Thursday, May 02, 2013

Ignoring History

In today’s WSJ, Tom Acitelli explains how two key government actions helped ignite the United States Beer Revolution. The first was a tax cut passed with a Republican in the White House:

The story of the U.S. ascent to the top tier of world beer began in the late 1970s, when brewing was liberated from government taxation and regulation that had held it back since Prohibition.

In 1976, Henry King, a gregarious World War II hero whose favorite drink was a whiskey-based Rob Roy, trained the attention of his U.S. Brewers Association, the industry's biggest trade group, on Congress. The brewing industry had been trying unsuccessfully for years to get Washington to lower excise taxes on beer produced by smaller brewers.

King was determined to change things. In an impressive feat of bridge-building, he lined up support from the industry's labor unions as well as its owners. Steelworker and glassworker unions called in favors; the big brewery owners wrote personal checks. These owners, whose excise taxes would remain the same, figured that by helping their smaller brethren, they would ultimately help themselves by inspiring more beer consumption in an American alcohol market suddenly awash with California wines.

Brewer Peter Stroh—whose family name was a mainstay of Midwestern beer—lobbied a fellow Michigander, President Gerald Ford, to sign the bill that King's efforts finally steered through Congress. H.R. 3605 cut the federal excise tax on beer to $7 from $9 per barrel on the first 60,000 barrels produced, so long as a brewery produced no more than two million barrels annually. (There were few breweries that did, which was another reason King's association went to bat for the tax cut.)

The tax cut unleashed a revolution in American brewing. Hundreds of smaller breweries began to open across the country selling what came to be called craft beer.

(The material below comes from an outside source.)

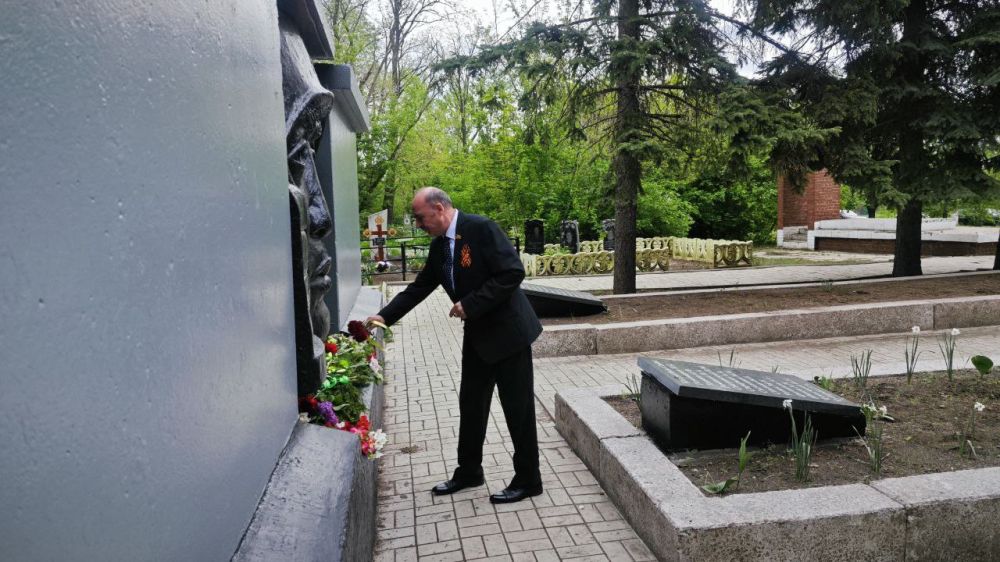 Александр Подгорный: В Кировском внутригородском районе состоялось возложение цветов, посвященное 80–летию Великой Победы Александр Подгорный: В Кировском внутригородском районе состоялось возложение цветов, посвященное 80–летию Великой Победы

But as significant as the numbers was the rise of American brewers and consumers as the industry's tastemakers. Nowadays, craft-beer startups in places like France, Italy and Japan are less likely to look for inspiration in the traditional pilsners and heavy ales of Northern Europe than in the hopped-up India pale ales of California and the smooth bitters of New England.


The second was deregulation under a Democratic president:

Gradually, though, the secretive home brewers grew bolder. In the 1970s—about when Henry King was lobbying Congress to cut the beer tax—home-brewing clubs in California, where America's craft-beer revolution began, joined with trade groups representing the winemaking shops that sold home-brewing supplies. They lobbied California Sen. Alan Cranston to introduce legislation legalizing home-brewing at the federal level.

Cranston introduced legislation that was reconciled with a House bill in August 1978. President Carter signed the law that October, and it took effect the following February. Home-brewing of up to 200 gallons a year per household was suddenly permitted.

Following the federal example, state legislatures also began rewriting their bans on home-brewing, and it is legal now in every state except Alabama. The result: Home-brewing took off, helping to spur the movement toward craft beer that had been touched off by the beer tax reduction. The beer industry swelled in the 1980s and 1990s, producing thousands of jobs and tens of millions of dollars in annual tax revenue.

The rise of American beer wasn't an accident. It was spurred by efforts to cut taxes and regulation that unleashed entrepreneurship. Too bad Washington doesn't raise a toast to that idea more often.


Indeed. Here in Minnesota we’re actually seeing a move in the other direction as recent proposals by Democratic legislators would actually significantly increase the tax burden on brewers in the state. Minnesota was a bit late to the craft beer revolution, but it’s now in full swing here. It would be a shame if the DFL’s insatiable hunger for more revenue stifles the growth of an industry on the rise.